The procedural difference between XM and Exness in this scenario is largely operational: which broker has clearer published internal complaint timelines, which has more responsive customer service in the initial window, and which has demonstrated track records of resolving withdrawal disputes without formal DFSA escalation.

Scenario 2: Manipulated execution. A retail trader believes a stop-loss was triggered at a price that did not exist in the public market. The trader requests broker tick-data evidence and challenges the execution price.

Under the new regime, both XM and Exness must provide tick-data records on request within DFSA-defined timelines. The procedural pathway again runs through internal complaint resolution first, then to DFSA escalation if unresolved. The technical question of whether the execution price was inside or outside the public market depends on the broker's liquidity-provider arrangement and the specific timestamp of the trigger event.

The broker-specific difference in this scenario relates to liquidity-provider transparency. Brokers running tier-1 LP relationships with documented price feeds offer cleaner evidentiary trails than brokers using less-transparent execution venues. Both XM and Exness operate at the larger scale and have established LP relationships, but the specific pathway of the executed trade matters for evidentiary purposes.

Scenario 3: Sudden account closure. The broker closes the trader's account citing a terms-of-service breach (often related to alleged arbitrage, scalping practices, or specific trading patterns the broker has flagged). The trader's funds are held pending review or returned without the trading P&L the trader expected.

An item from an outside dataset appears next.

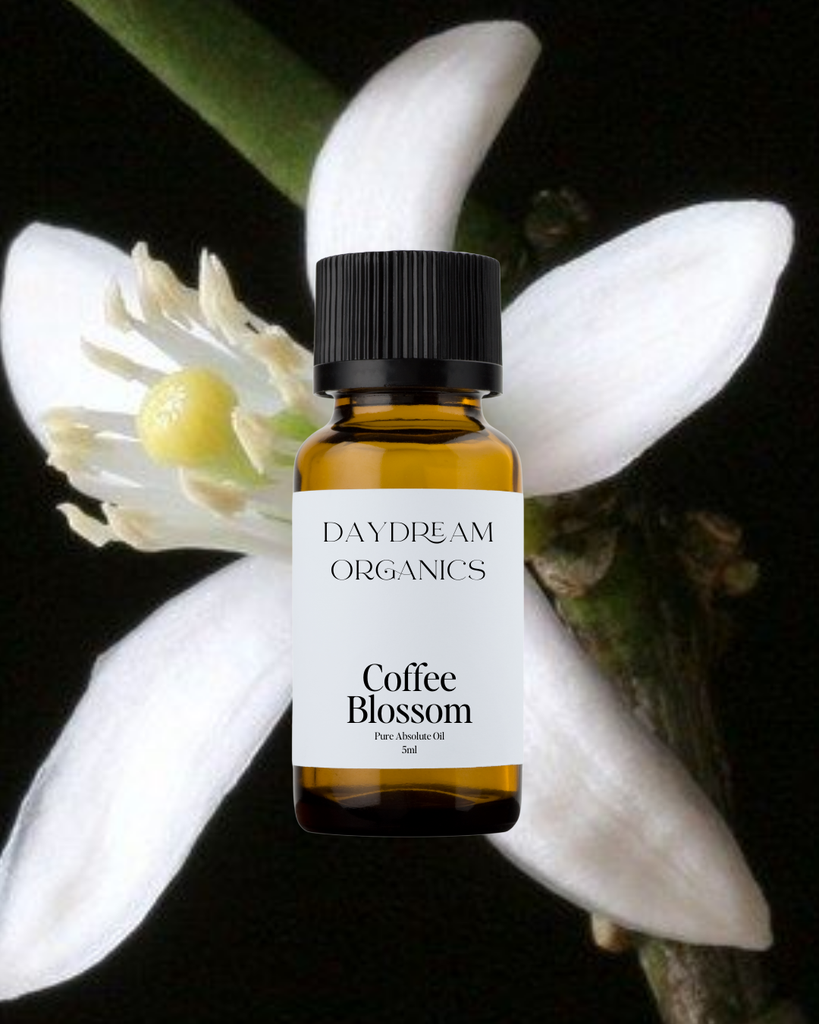 Coffee Blossom Absolute Oil Daydream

Under the post-January 2026 regime, sudden closures with retained funds are subject to DFSA scrutiny if formally complained. The regime does not prohibit brokers from closing accounts under documented terms-of-service violations, but it tightens the documentary burden brokers must meet to retain funds beyond the original deposit. Both XM and Exness have published terms-of-service that define what trading practices may trigger closure; the practical question is whether the broker can demonstrate that the trader's specific activity met those criteria.

The Decision Reading for UAE-Resident Retail

For a UAE-resident trader choosing between XM and Exness with the post-January 2026 framework in mind, the decision tree narrows to specific questions. Does the trader's account sit under a DIFC-relevant entity at each broker? The DFSA framework only applies if it does. What internal complaint resolution timeline does each broker publish? Faster internal resolution generally produces better trader outcomes than DFSA escalation. What track record does each broker have on the specific dispute scenario the trader is most concerned about? Withdrawal disputes, execution disputes, and closure disputes have different resolution patterns at each broker.

The structural answer for most UAE-resident retail traders is that both XM and Exness are operationally compliant with the new regime, but the specific operational details — which the regime now requires brokers to disclose more transparently than pre-2026 — should drive the comparison rather than the headline calm-market spread or commission differential.

Honest Limits

This Desk did not review broker-confidential reconciliation reports, internal complaint resolution data, or DFSA enforcement statistics — those require direct access to broker and regulator confidential documents. The DFSA Client Assets regime detail summarized here reflects publicly disclosed rule text and observable broker-side responses through April 2026. The dispute scenario walkthroughs reflect typical retail patterns; individual disputes involve specific facts, specific evidentiary records, and specific timing that meaningfully change the procedural pathway. None of this analysis substitutes for direct review with a UAE-licensed legal or compliance advisor, particularly for traders with materially-sized positions or for disputes already in formal escalation. The comparison between XM and Exness reflects the post-January 2026 framework as understood through April 2026; both brokers' specific operational postures may continue to evolve as the regime's reconciliation cycles complete and DFSA's enforcement priorities crystallize through Q2 and Q3 2026.